The efficient implementation reduces the time complexity from \(O(QNLm^2)\) to \(O(\log Q \log H \cdot NLm^2)\).

Highlights & Insights¶

Transferring the evolution perspective of NLP tokenization to recommendation systems provides an extremely apt analogy: word-level \(\rightarrow\) subword-level \(\approx\) item-level \(\rightarrow\) subaction-level.
Set Permutation Regularization cleverly utilizes the unordered nature of feature sets, converting what was once a "modeling difficulty" into a "natural augmentation".
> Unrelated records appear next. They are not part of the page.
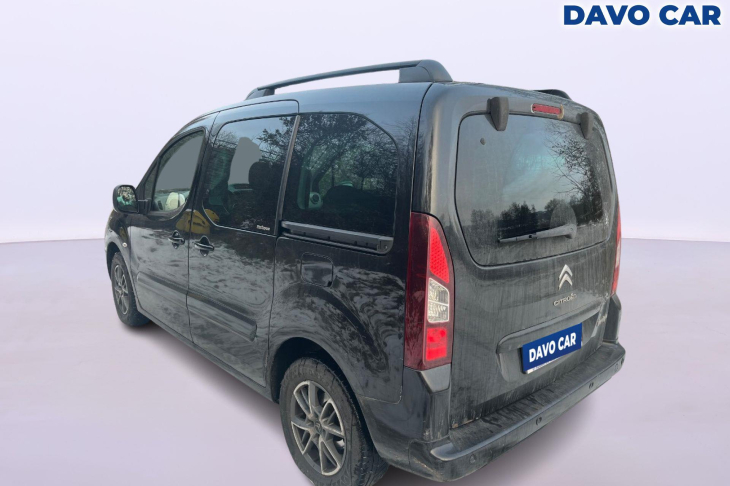 Citroën Berlingo 1,6 HDI 84kW Exclusive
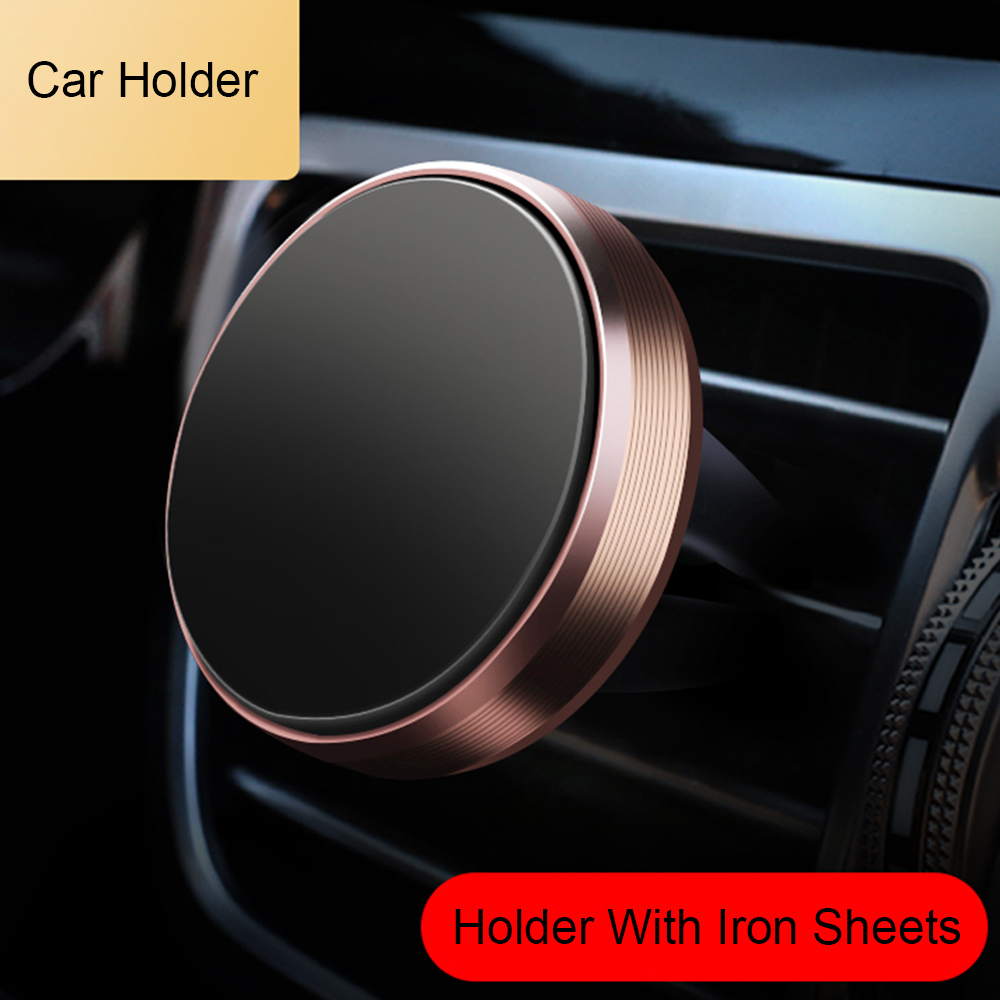 Car Vent Phone Holder Magnetic Mount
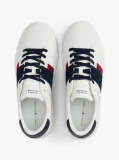 Μπεζ Sneakers Με Μίξη Υφών  Άνδρες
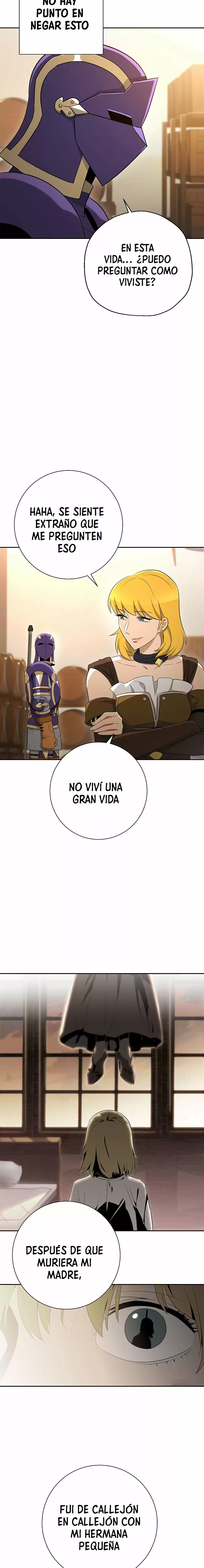 Skeleton Soldier capítulo 117, página 15
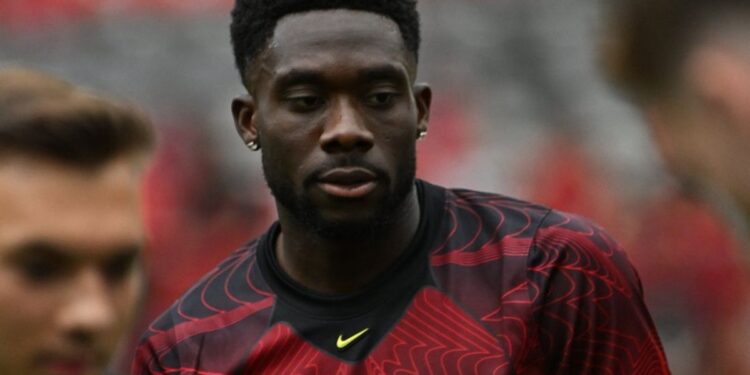 Canada’s Alphonso Davies anticipated to make 2026 World Cup debut vs. Switzerland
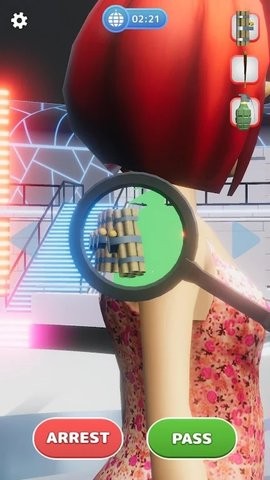 扫描大师游戏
Limitations & Future Work¶

Vocabulary construction requires parsing the entire training corpus, which may incur high overhead for ultra-large-scale recommendation systems.
The definition of feature sets relies on manual design, requiring different feature configurations for different domains.
Multiple permutations in SPR increase induction/inference costs (requiring the generation of \(q\) permutations and their subsequent ensemble).
The introduction of intermediate nodes increases sequence complexity, which may affect long sequence modeling.
The method has only been validated in e-commerce recommendation scenarios, leaving its effectiveness in music, video, and other recommendation settings unexplored.
The weight design for weighted co-occurrence statistics might not be optimal, and comparative studies regarding its effectiveness are lacking.
Integration with LLM-based recommendation methods (e.g., LLaRA) has not been explored.
For cold-start users (with very short historical sequences), the advantages of context-aware tokenization may not be significant.

Additional Discussion¶

The core innovation of this method lies in transforming the problem from a single-dimensional to a multi-dimensional perspective for analysis, offering a more comprehensive understanding.
The experimental design covers multiple scenarios and baseline comparisons, with statistically significant results.
The modular design of the method makes it easy to extend to related tasks and new datasets.
Open-sourcing the code and data holds significant value for community replication and future research.

Rating¶

Novelty: ⭐⭐⭐⭐⭐ Context-aware action tokenization is a completely new paradigm.
Experimental Thoroughness: ⭐⭐⭐⭐ Multiple dataset validations and comprehensive ablations.
Writing Quality: ⭐⭐⭐⭐⭐ Clear analogies and precise algorithmic descriptions.
Value: ⭐⭐⭐⭐ Significant contribution to the tokenization infrastructure of generative recommendation.